Presi da questa crociata, non si bada al fatto che il cellulare, come oggetto tecnologico, potrebbe essere usato nella stessa didattica e sopperire alla mancanza di computer ed altri strumenti tecnologici. Tra i prodotti innovativi per la didattica ci sono i risponditori, piccoli telecomandi che, dati agli studenti, consentono loro di rispondere in tempo reale ai quiz proposti dal docente (qui un esempio). Oggetti che hanno evidentemente un loro mercato: vi sono scuole che spendono per queste cose. Potrebbero risparmiare quei soldi, se la smettessero di demonizzare i cellulari. La stessa cosa, infatti, si può fare utilizzando il cellulare degli studenti ed un sistema come Socrative. Il procedimento è semplice: il docente si iscrive nel sito ed ottiene una propria room, nella quale può creare tutti i test che vuole; lo studente si collega a sua volta al sito, entra nella room inserendo il codice ricevuto dal docente e svolge il test. Il risultato del test viene comunicato in tempo reale al docente, che può anche ricevere un report in formato xml, con i risultati di tutti gli studenti. Per gestire l’attività il docente può usare un computer o anche semplicemente un tablet, utilizzando l’apposita app Android, che esiste anche nella versione per studente (ma chi non dispone di un cellulare Android può effettuare il quiz attraverso il sito, come detto).

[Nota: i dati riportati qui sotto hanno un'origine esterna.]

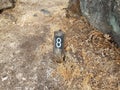 Number 8 on sign on ground with grasses Royalty Free Stock Photo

In attesa che arrivino a scuola i tanto invocati tablet – ai quali pare che si vogliano affidare le sorti della scuola italiana, a giudicare dai toni di certi interventi -, sarebbe buona cosa cominciare a sperimentare le possibilità di interazione digitale tra docente ed alunno impiegando i cellulari, che peraltro per prestazioni spesso dai tablet poco si differenziano. Per farlo, naturalmente, bisognerebbe liberarsi dai pregiudizi nei confronti dell’oggetto; il che vuol dire anche, almeno in parte, liberarsi da quel pregiudizio nei confronti degli studenti che è uno dei problemi più seri della scuola italiana.